Marcello Medeiros
O Inverno vai muito além do frio, deixando os dias com um céu azul extasiante e florações que marcam a estação que tem tudo a ver com Teresópolis. Uma delas, de uma árvore que veio de muito longe, mas que se adaptou muito bem às cidades mais altas do país, a japonesa Sakura. Na ‘terra de Teresa’, um lugar em especial fica maravilhoso nessa época do ano e, a cada florada, recebe um número maior de visitantes: o ‘Cantinho das Cerejeiras’, na Posse, onde 26 exemplares foram plantados às margens do Córrego Antônio José, na sequência, por um morador local. Walter Rodrigues, que reside e trabalha em um sítio próximo, todos os anos recebe orgulhoso uma grande quantidade de pessoas interessadas em ver essas belezas floridas com os próprios olhos e, é lógico, garantir um bonito registro para as redes sociais.

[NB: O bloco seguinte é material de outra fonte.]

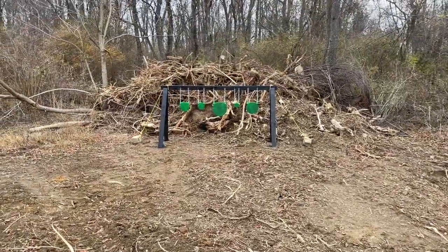So that's it, guys — a very simple, quick, and easy way to make an at-home target stand. I'll post the link in the description for the targets I got off eBay. Most of the other stuff you can buy at your local hardware store, Lowe's, or Home Depot.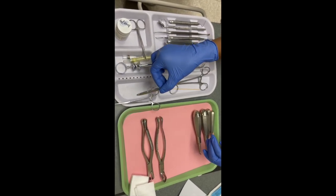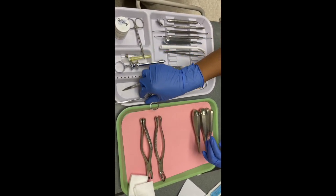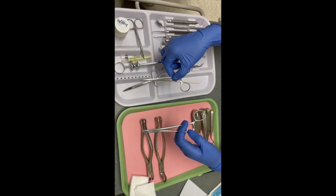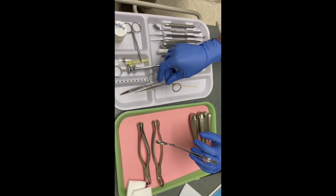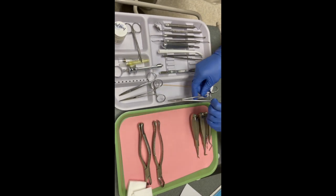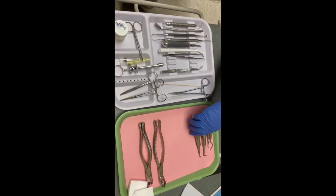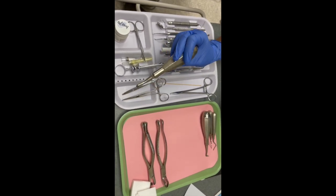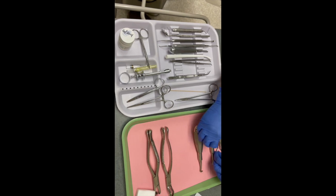Then you have your suture scissors, which helps cut the sutures that you place. You have your hemostat and your longer hemostat, which help remove or place sutures — one of those is for placing sutures you want to just put down. Next you have your root elevator to loosen the root and to separate it from the socket.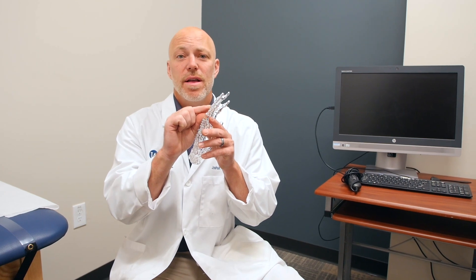The distal phalanx is that last bone on the tip of your finger. Injuries commonly happen here by getting smashed, sometimes in doors of cars, sometimes at work, sometimes from walking the dog or falling hard.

“No auge da floração, no ano passado, recebemos aqui umas duas mil pessoas em um único fim de semana. Foi muita gente mesmo, com todo mundo querendo garantir sua foto com essas lindezas aqui”, relatou ao Diário nesta sexta-feira (03) o ‘Pai das Cerejeiras’, que, a cada ano, busca deixar ainda mais bonito o agora atrativo turístico de Teresópolis.
Logo que as árvores começaram a fazer sucesso, ele já providenciou uma plaquinha com o nome do lugar, que fica na Rua Silvério Rodrigues de Lima, paralela à Estrada José Gomes da Costa Júnior, perto do acesso do Clube do Lago. Em seguida, instalou um banco que vai além da sua função primordial e acaba rendendo diferentes fotografias. Agora, além de sinalização visando reorganizar o estacionamento em dias de grande movimentação, doada pela Associação de Amigos e Moradores da Posse, Walter instalou mais um banco, do outro lado da via. Em breve, ele vai colocar na altura das crianças, sem esquecer a manutenção frequente no espaço, mesmo quando não há milhares de pequenas lindas flores rosas em destaque.

Frio e Tragédia
Seguindo sua caraterística de origem, a Cerejeira depende que as semanas antes da floração sejam bastante frias, durante seu período de dormência. Por isso, os dias que ela ocorre, além do volume, varia a cada ano. Além de beleza que encanta cada vez mais gente, e de certa forma inspira que a população contribua com o embelezamento do lugar onde vive, sem ficar só esperando ações do poder público, importante frisar que, até pouco mais de uma década atrás, essa margem de rio ainda guardava muitas lembranças da maior catástrofe natural da Região Serrana, a Tragédia de 12 de Janeiro de 2011.
“Ainda hoje, quando caminho às margens do córrego fazendo sua manutenção, acho pedaço de carro, de casa, de coisas que eram de quem morava aqui. Essa talvez tenha sido a principal motivação para plantar essas árvores, dar um novo significado a esse lugar, que hoje representa vida e esperança”, pontua Walter.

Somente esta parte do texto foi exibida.